**What this task involves:** Once you find the line with "An engaging kindness", transcribe it and all the lines that follow to the end of the data, exactly as written; skip any pictures.

== Supplied material

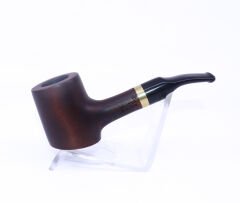 Pipsan Poker Altın Renk Bilezik 9mm Filtreli Çift Ağızlıklı Pipo - Kahverengi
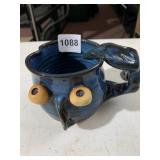STUDIO POTTERY MUG, HAND-THROWN, DRIP GLAZE,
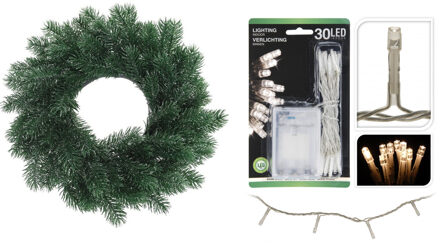 Dennenkrans/deurkrans 35 cm inclusief warm witte kerstverlichting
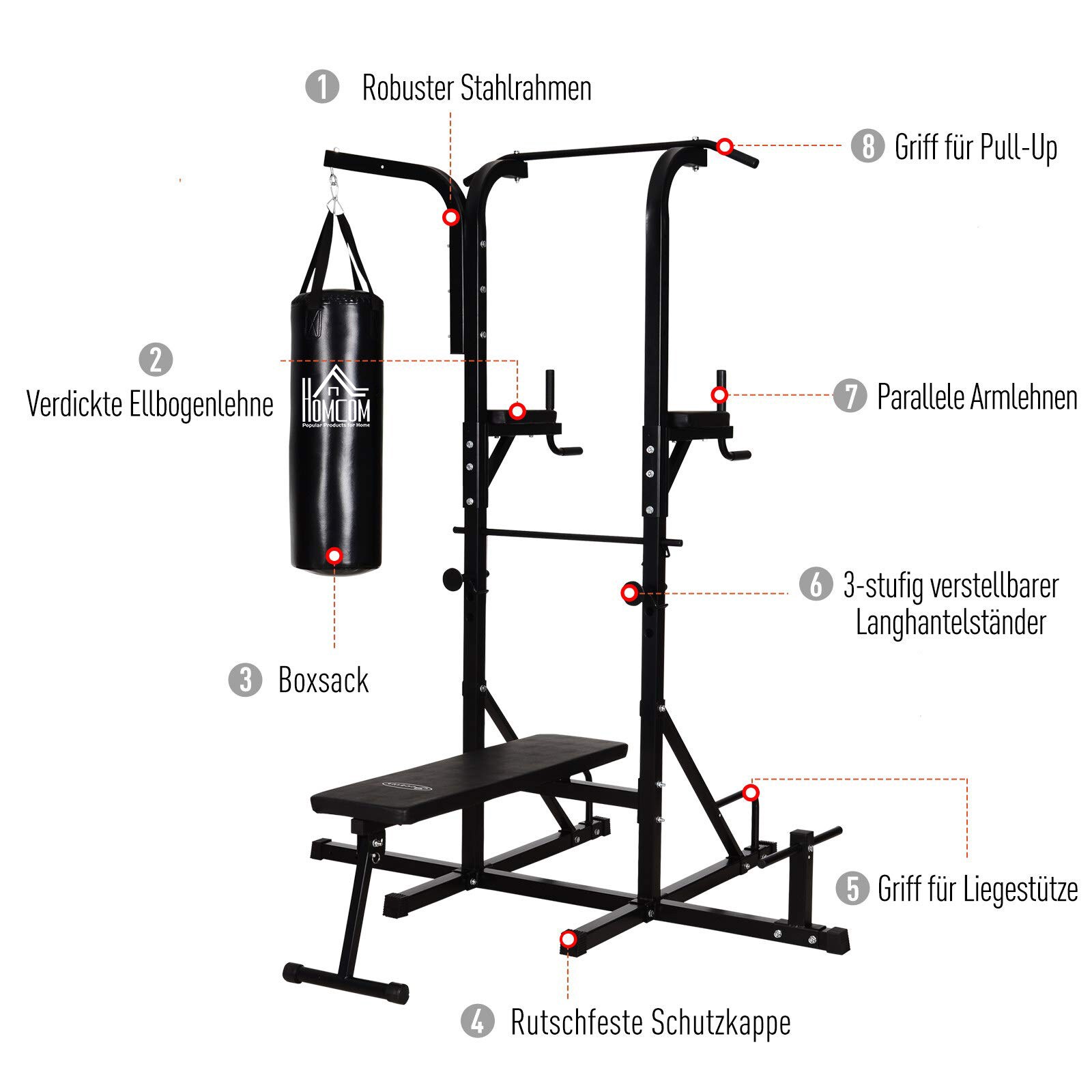 HOMCOM Kraftstation mit Klimmzugstange schwarz 180 x 183 x 219 cm (BxTxH)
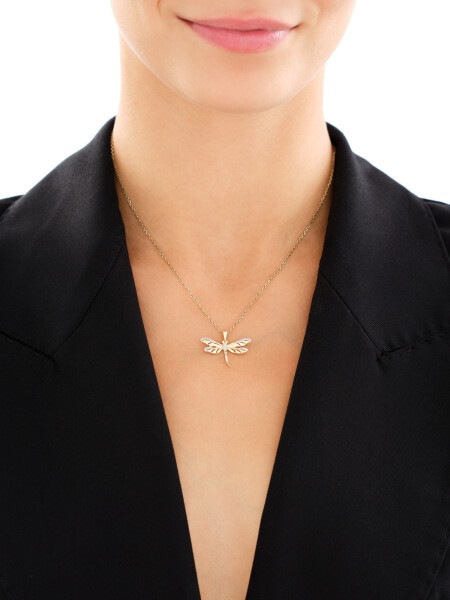 14 K Rhodium-Plated Yellow Gold Pendant with Diamonds - 0,07 ct - fineness 14 K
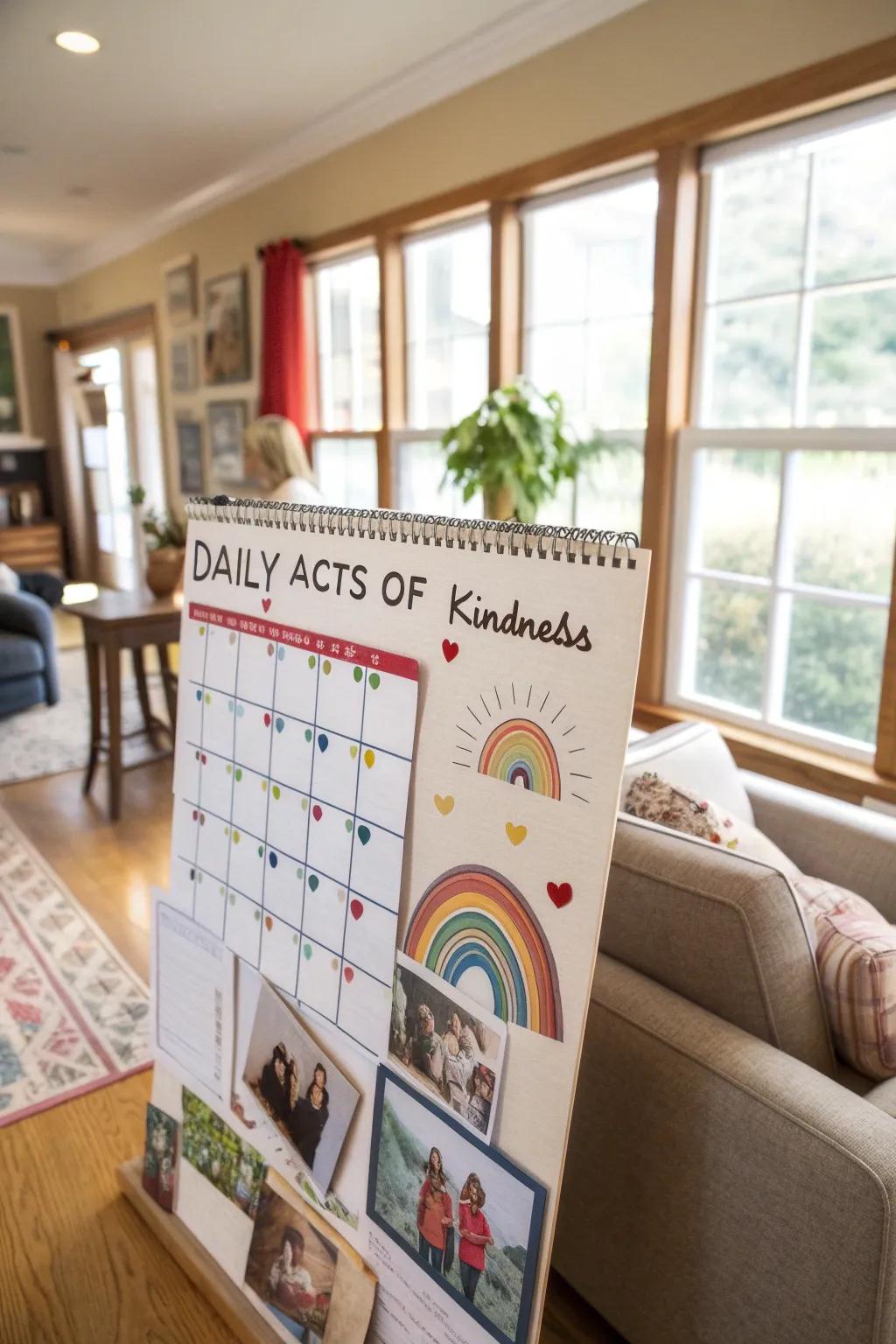 An engaging kindness schedule for day-to-day encouragement.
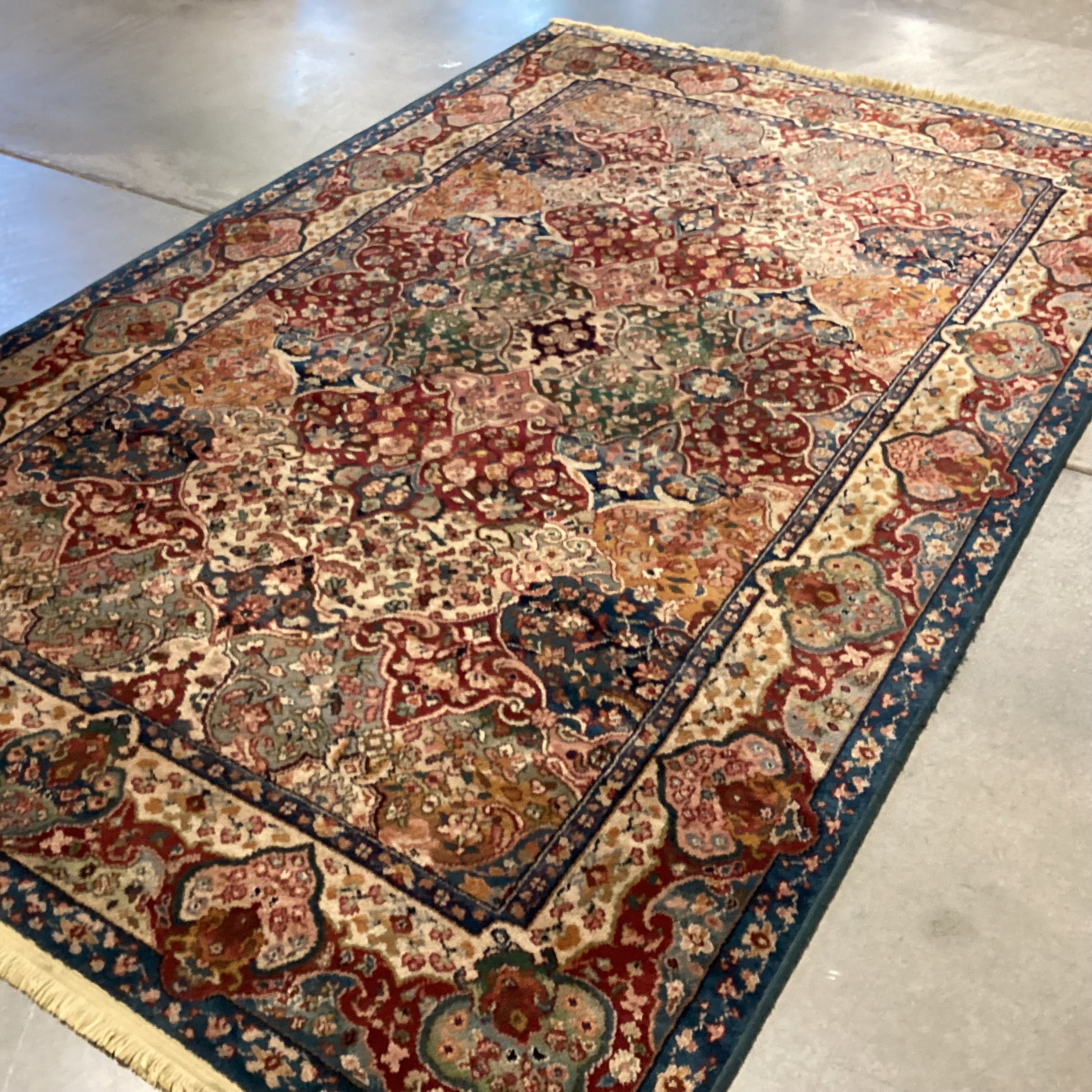 Karastan Samovar Teawash Tan Red Blue Green Wool Rug 5'9"x 9'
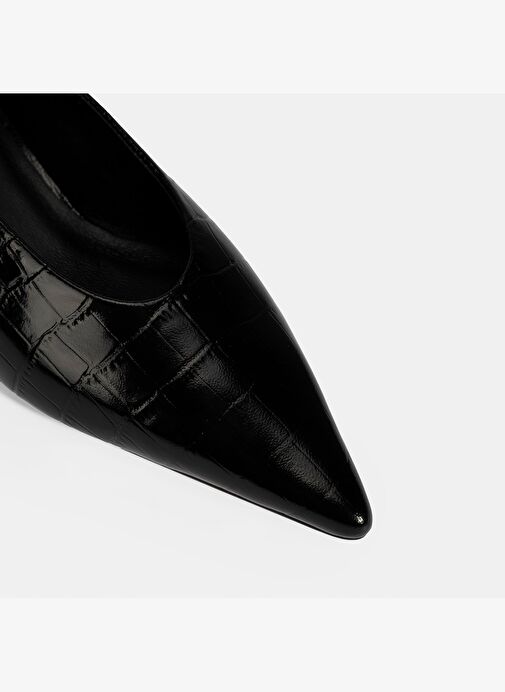 Kadın Siyah Kroko Baskılı Topuklu Ayakkabı - Görsel 7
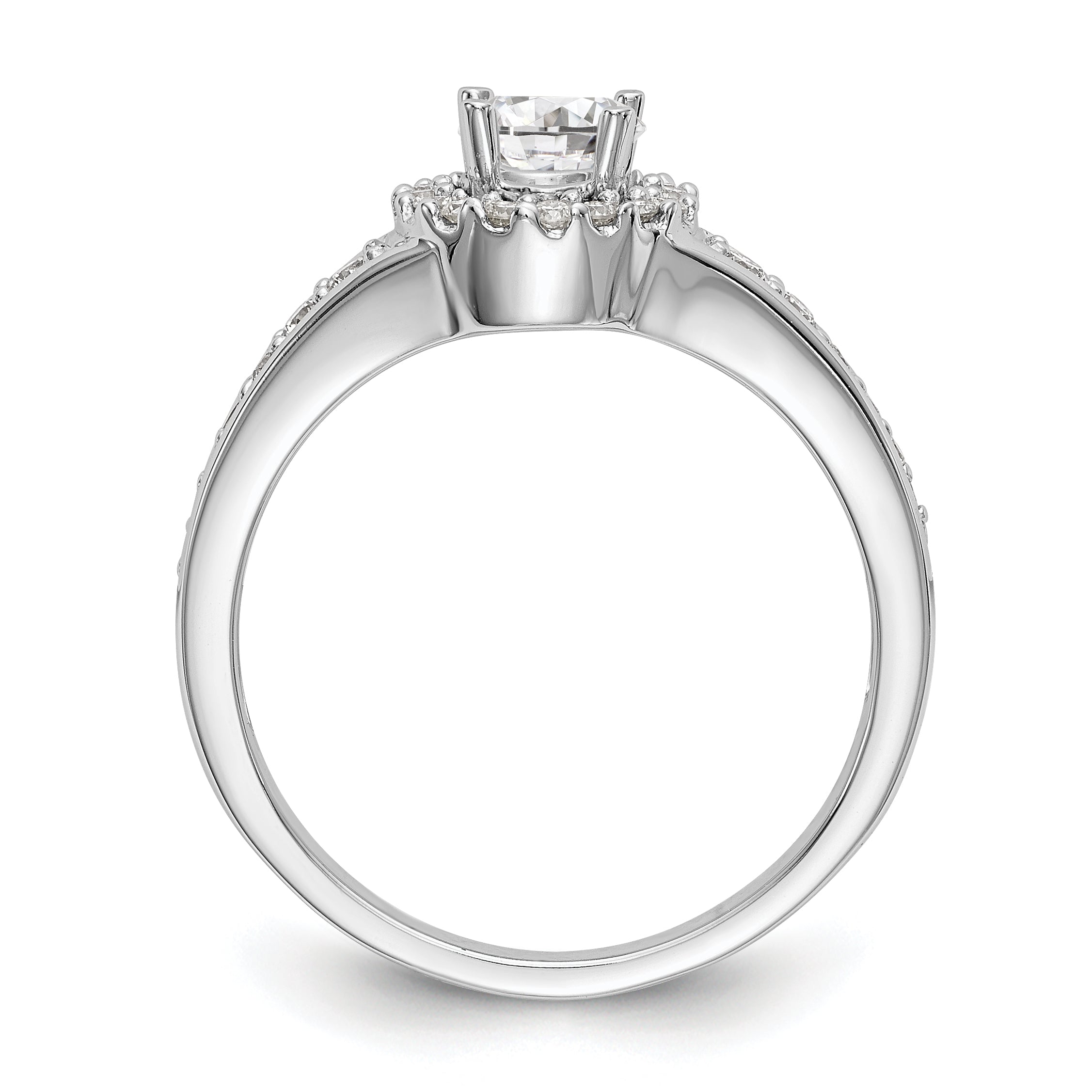 14K Weißgold Verlobungsring mit rundem simuliertem Diamant und Halo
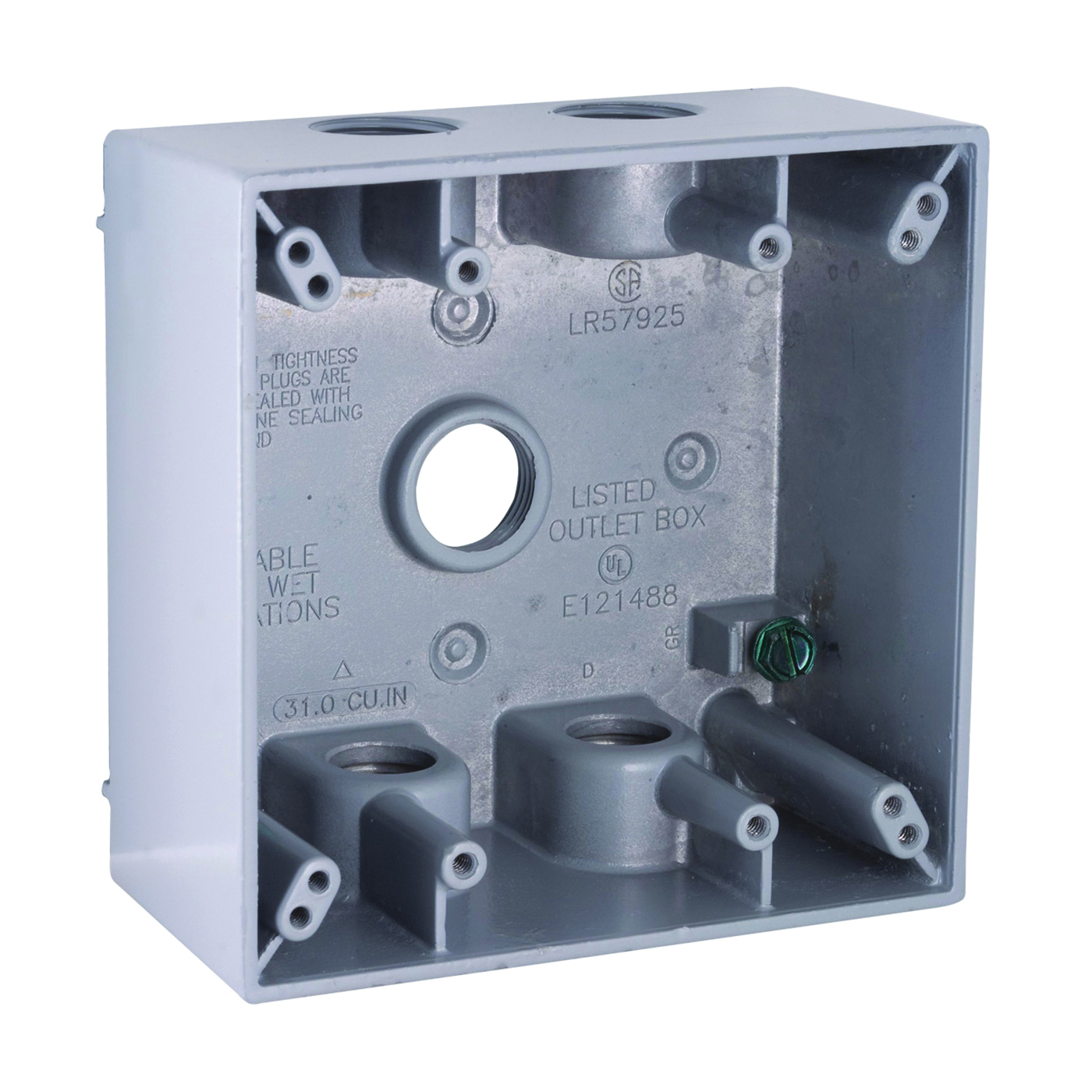 5337-5 Weatherproof Box, 5-Outlet, 2-Gang, Aluminum, Gray, Powder-Coated
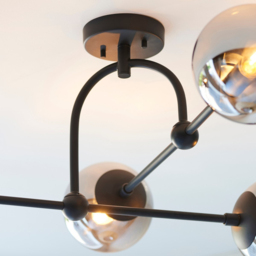 Merano Trieste Smoked Mirror Glass Matt Black Globe Ceiling Light - Size: 70.5 x 70.5 x 32.5cm - Wilko - thumbnail 7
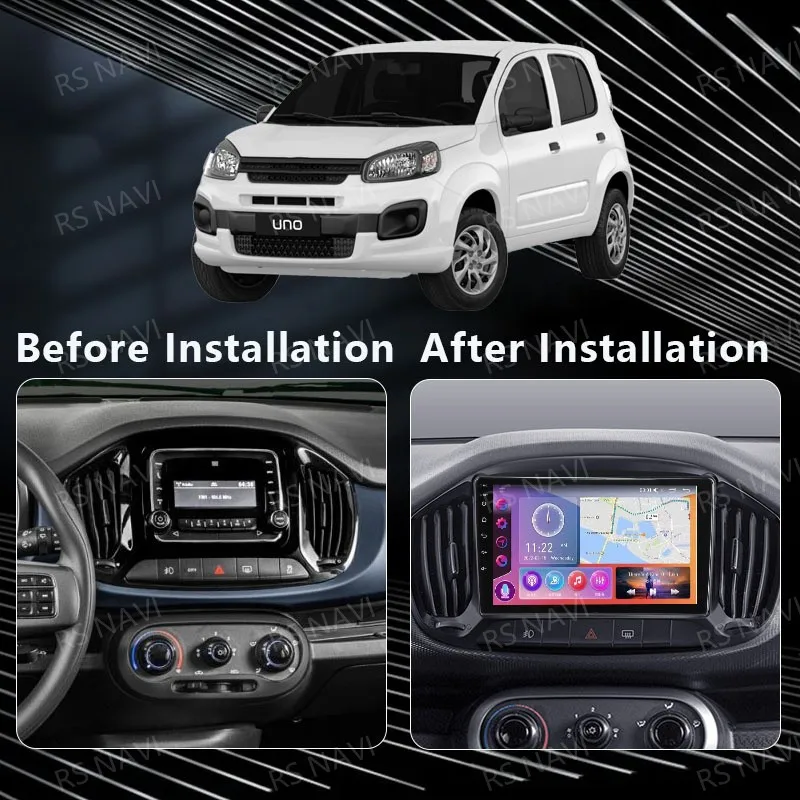 Android 14 Carplay Auto Car Radio For Fiat Uno 2014 2015 2016 2017 2018 2019 2020 GPS Multimedia Player Stereo video WIFI+4G DSP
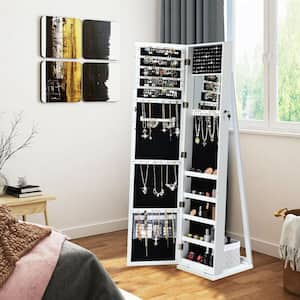 White Wood Standing Lockable Jewelry Storage Organizer with Full-Length Mirror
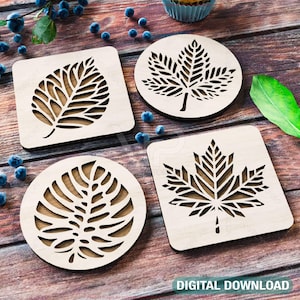 Porta-copos cortados a laser em formato de folha: elegantes porta-copos de madeira com design inspirado na natureza – Download digital |#548|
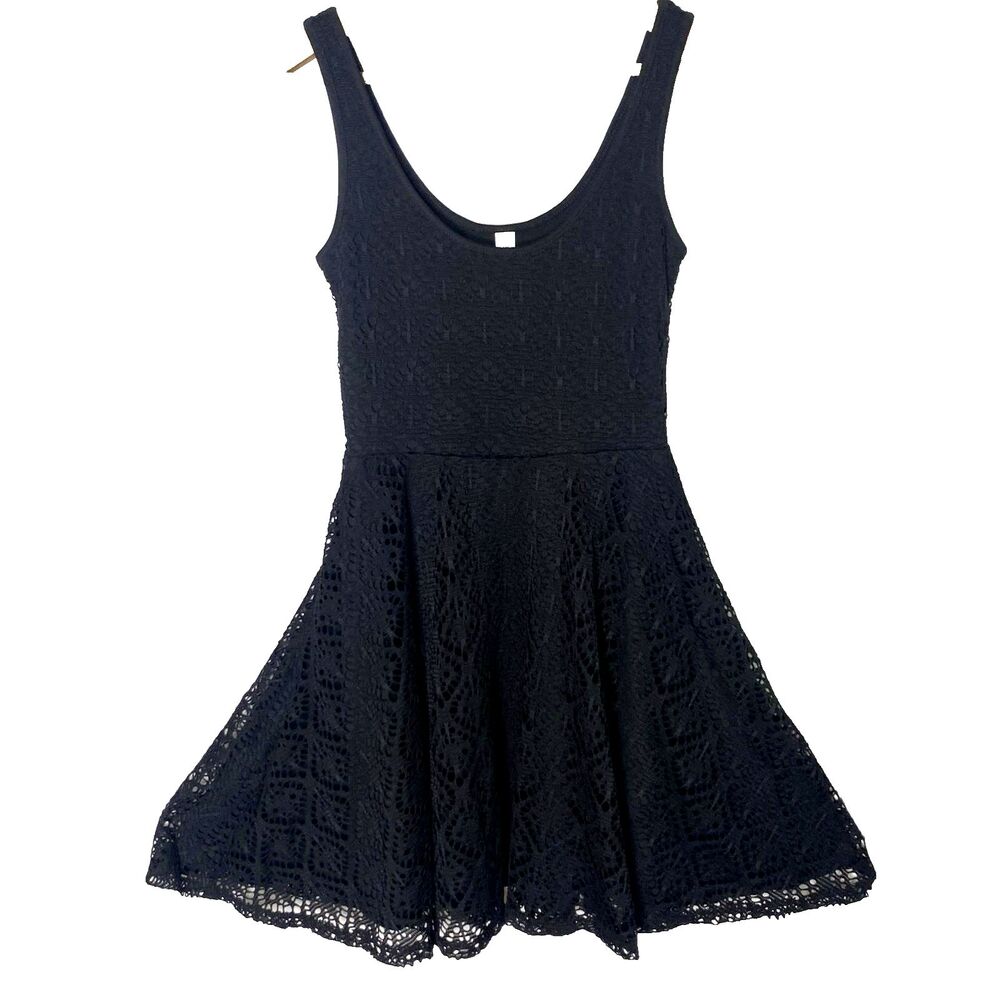 Aeropostale Sleeveless Mini Dress Womens XS Eyelet Lace Fit & Flare Lined Black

====

**Result of this task:**
 An engaging kindness schedule for day-to-day encouragement.
 Karastan Samovar Teawash Tan Red Blue Green Wool Rug 5'9"x 9'
 Kadın Siyah Kroko Baskılı Topuklu Ayakkabı - Görsel 7
 14K Weißgold Verlobungsring mit rundem simuliertem Diamant und Halo
 5337-5 Weatherproof Box, 5-Outlet, 2-Gang, Aluminum, Gray, Powder-Coated
 Merano Trieste Smoked Mirror Glass Matt Black Globe Ceiling Light - Size: 70.5 x 70.5 x 32.5cm - Wilko - thumbnail 7
 Android 14 Carplay Auto Car Radio For Fiat Uno 2014 2015 2016 2017 2018 2019 2020 GPS Multimedia Player Stereo video WIFI+4G DSP
 White Wood Standing Lockable Jewelry Storage Organizer with Full-Length Mirror
 Porta-copos cortados a laser em formato de folha: elegantes porta-copos de madeira com design inspirado na natureza – Download digital |#548|
 Aeropostale Sleeveless Mini Dress Womens XS Eyelet Lace Fit & Flare Lined Black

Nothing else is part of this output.